[Non deterministic vector search return]

Hi Team, we observed the vector similarity search return results varies for the same query on different attempts, want to get some clarity on whether it is an expected behavior of Weaviate?

Below is a sample query we use, the embedding_id should be unique as it was used to create the uuid when importing the data (generate_uuid5(embedding_id)).
The collection has ~17M embeddings, out of 1000 results returned in two attemps, ~10 -15 embedding_ids are different.

query = f"“”
{{
Get {{
Data_discovery_test (
limit: 1000
nearVector: {{
vector: [{query_vector}]
}}

            ) {{
                embedding_id
                _additional {{
                  distance
                }}
            }}
        }}
    }}
    """

response = weaviate_client.query.raw(query)
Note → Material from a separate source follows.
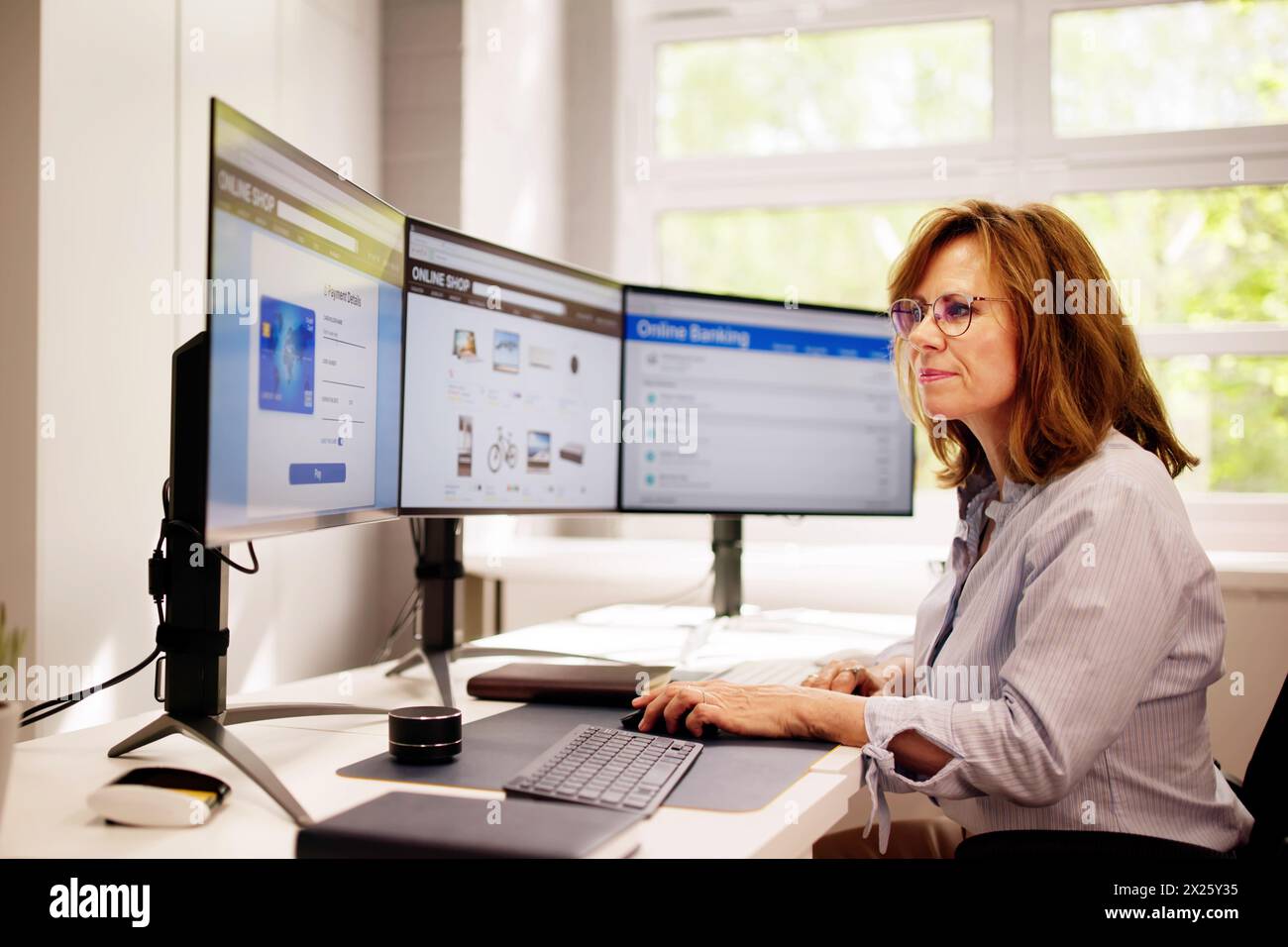 Frau, Die Den Online-E-Commerce-Shop Auf Dem Desktop Nutzt Stockfoto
*note the collection has replica factor : 2
Here is the corresponding replicationConfig/shardingConfig:

   'replicationConfig': {'factor': 2},
   'shardingConfig': {'virtualPerPhysical': 128,
    'desiredCount': 2,
    'actualCount': 2,
    'desiredVirtualCount': 256,
    'actualVirtualCount': 256,
    'key': '_id',
    'strategy': 'hash',
    'function': 'murmur3'},

An other potential query issue I found (maybe have some correlation with above issue) is conditional filter on some unique Id returns multiple results, e,g,

INPUT_EMBEDDING_ID = "***"
query = '{Get {
          Data_discovery(
            where: {
              path: ["embedding_id"] 
              operator: Equal 
              valueText: {INPUT_EMBEDDING_ID}
              } 
            )
            {
              embedding_id 
              _additional {vector}
            }
          }
        }' 

response = weaviate_client.query.raw(query)

Response returns 5 different embeddings / embedding IDs for a unique input embedding_id.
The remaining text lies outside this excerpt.